Text Summarization in Python: Extractive vs. Abstractive techniques revisited

This blog is a gentle introduction to text summarization and can serve as a practical summary of the current landscape. It describes how we, a team of three students in the RaRe Incubator programme, have experimented with existing algorithms and Python tools in this domain.

We compare modern extractive methods like LexRank, LSA, Luhn and Gensim’s existing TextRank summarization module on the Opinosis dataset of 51 article-summary pairs. We also had a try with an abstractive technique using Tensorflow’s Text Summarization algorithm, but didn’t obtain good results due to its extremely high hardware demands (7000 GPU hours, ~$30k cloud credits).

Why text summarization?

With push notifications and article digests gaining more and more traction, the task of generating intelligent and accurate summaries for long pieces of text has become a popular research as well as industry problem.

There are two fundamental approaches to text summarization: extractive and abstractive. The former extracts words and word phrases from the original text to create a summary. The latter learns an internal language representation to generate more human-like summaries, paraphrasing the intent of the original text.

There are two fundamental approaches to text summarization: extractive and abstractive.

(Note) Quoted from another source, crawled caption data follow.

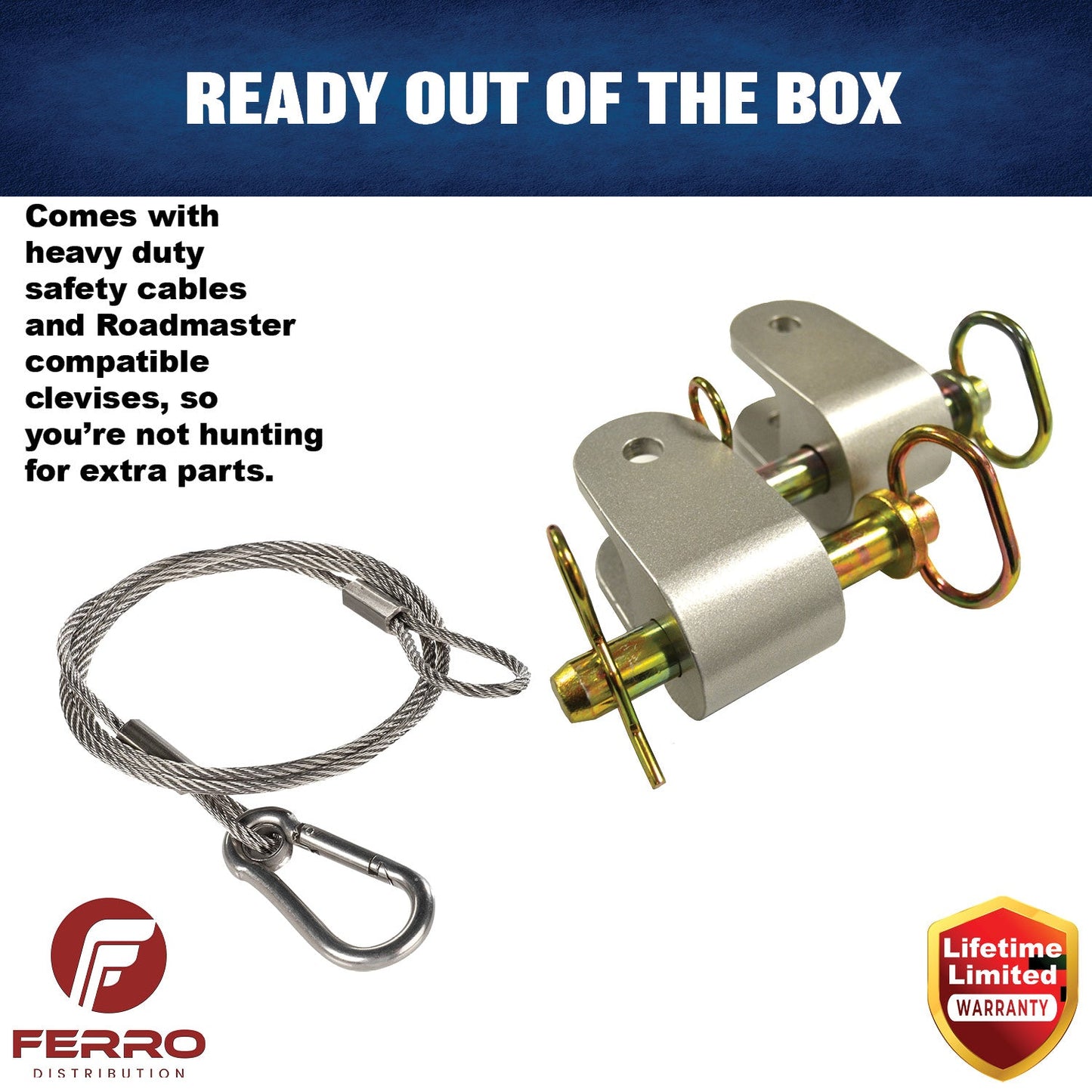 Tow Bar (8K, with Roadmaster Clevises) F07003 Ferro Distribution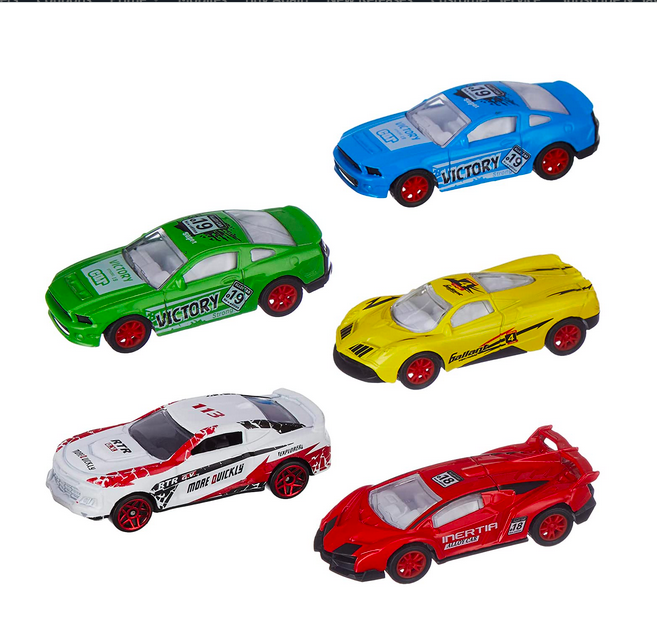 Jam & Honey Freewheel Metal Diecast Cars - Pack of 5, Multi-Colour (Colour & Design Can Vary), Kid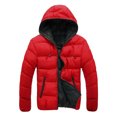 thumbnail image 1 of Innerwin Manteau à Capuche pour Hommes avec Poches Veste d'Hiver Décontractée Chaude Rouge+ Noir 2TG, 1 of 2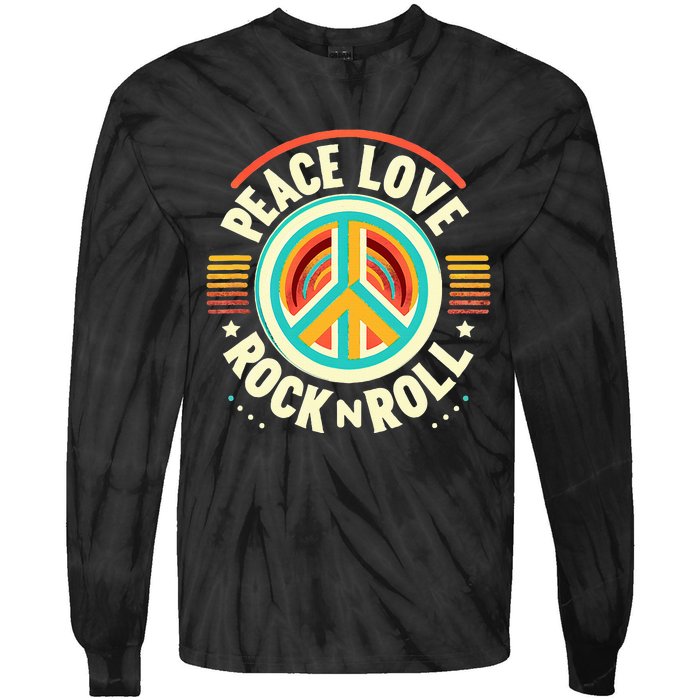 Peace Love And Rock And Roll Saying Rocker Motif Tie-Dye Long Sleeve Shirt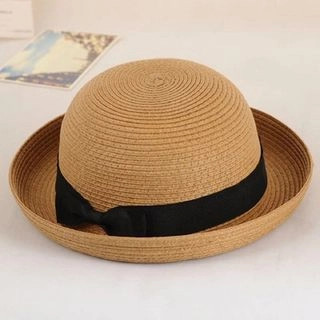 Bow Accent Bowler Straw Hat | YesStyle Global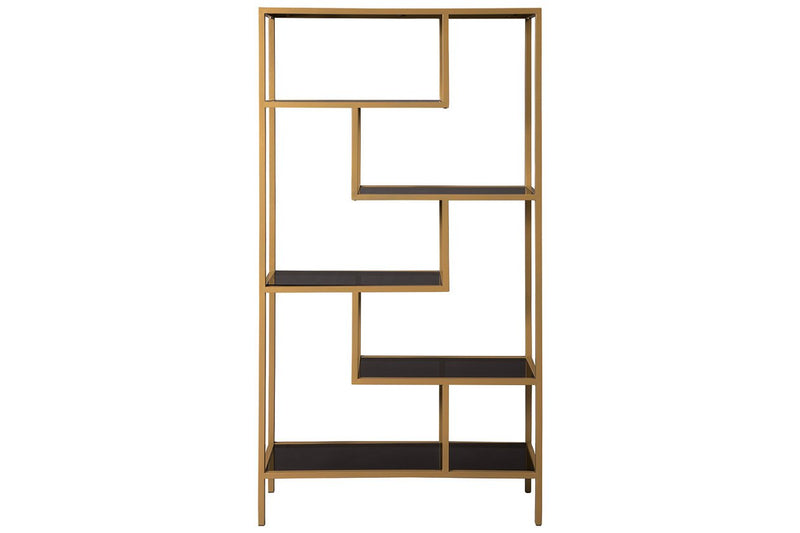 Frankwell Gold Finish Bookcase - Lara FurnitureBookcases
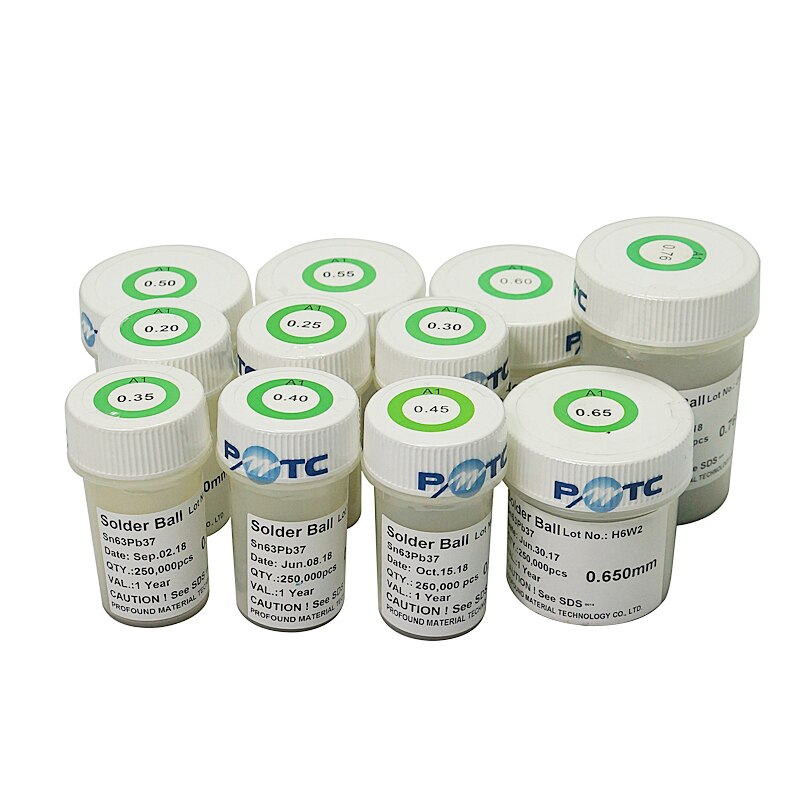 1 pièces PMTC 0.2mm 0.25 0.3 0.35 0.4 0.45 0.5 0.55 0.6mm billes de soudure au plomb 0.65 k pour bille de soudure de reprise bga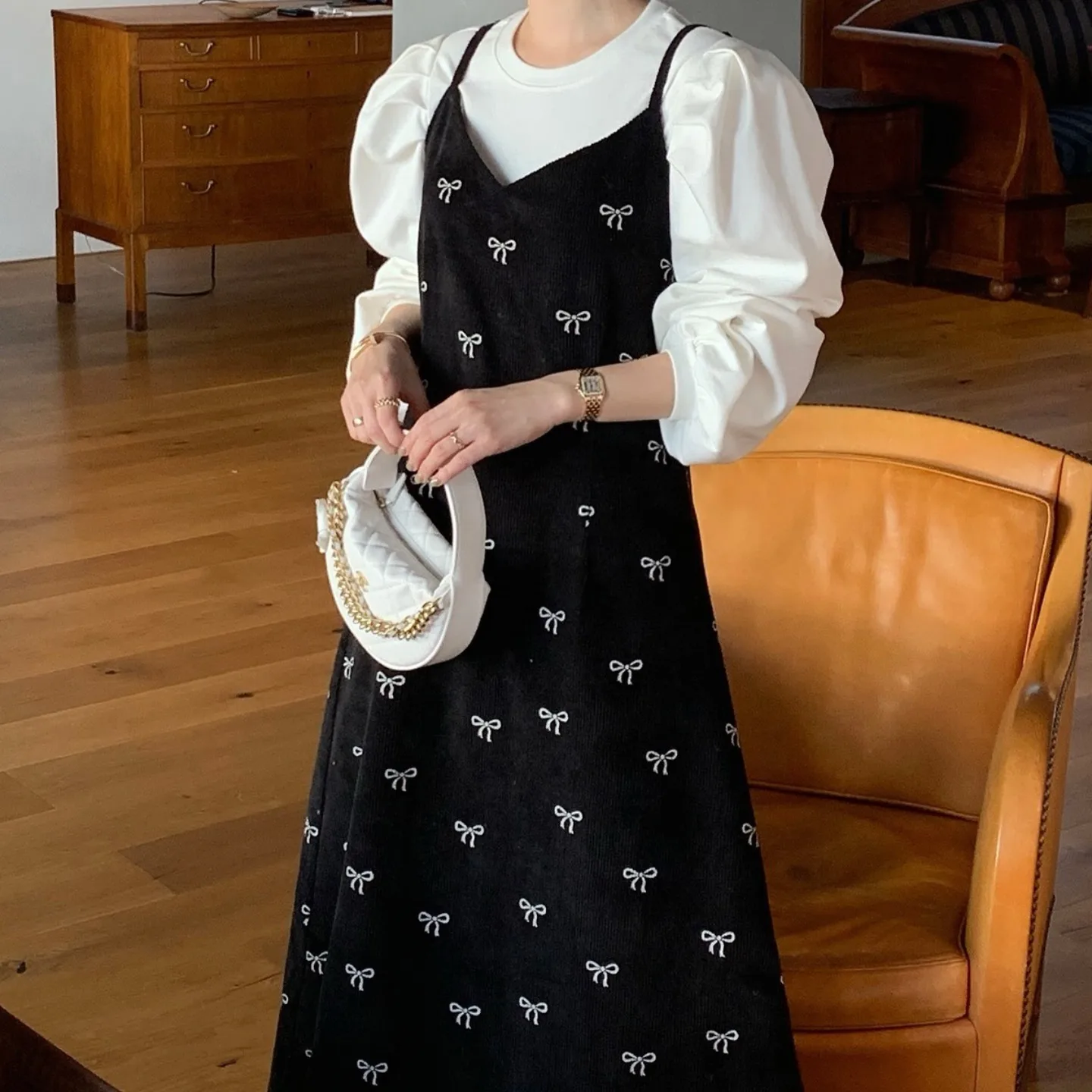 

Шикарный летний однотонный вельветовый комплект Bubble Sve Dr, женский модный комплект, повседневный универсальный длинный светящийся узел Str...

Extractive Text Summarization

First, a quick description of some popular algorithms & implementations for text summarization that exist today:

Text Summarization in Gensim

gensim.summarization module implements TextRank, an unsupervised algorithm based on weighted-graphs from a paper by Mihalcea et al. It was added by another incubator student Olavur Mortensen – see his previous post on this blog. It is built on top of the popular PageRank algorithm that Google used for ranking webpages. TextRank works as follows:

Pre-process the text: remove stop words and stem the remaining words.
Create a graph where vertices are sentences.
Connect every sentence to every other sentence by an edge. The weight of the edge is how similar the two sentences are.
Run the PageRank algorithm on the graph.
Pick the vertices(sentences) with the highest PageRank score

In original TextRank the weights of an edge between two sentences is the percentage of words appearing in both of them. Gensim’s TextRank uses Okapi BM25 function to see how similar the sentences are. It is an improvement from a paper by Barrios et al..

PyTeaser

PyTeaser is a Python implementation of the Scala project TextTeaser, which is a heuristic approach for extractive text summarization.

TextTeaser associates a score with every sentence. This score is a linear combination of features extracted from that sentence. Features that TextTeaser looks at are:

titleFeature: The count of words which are common to title of the document and sentence.
sentenceLength: Authors of TextTeaser defined a constant “ideal” (with value 20), which represents the ideal length of the summary, in terms of number of words. sentenceLength is calculated as a normalized distance from this value.
sentencePosition: Normalized sentence number (position in the list of sentences).
keywordFrequency: Term frequency in the bag-of-words model (after removing stop words).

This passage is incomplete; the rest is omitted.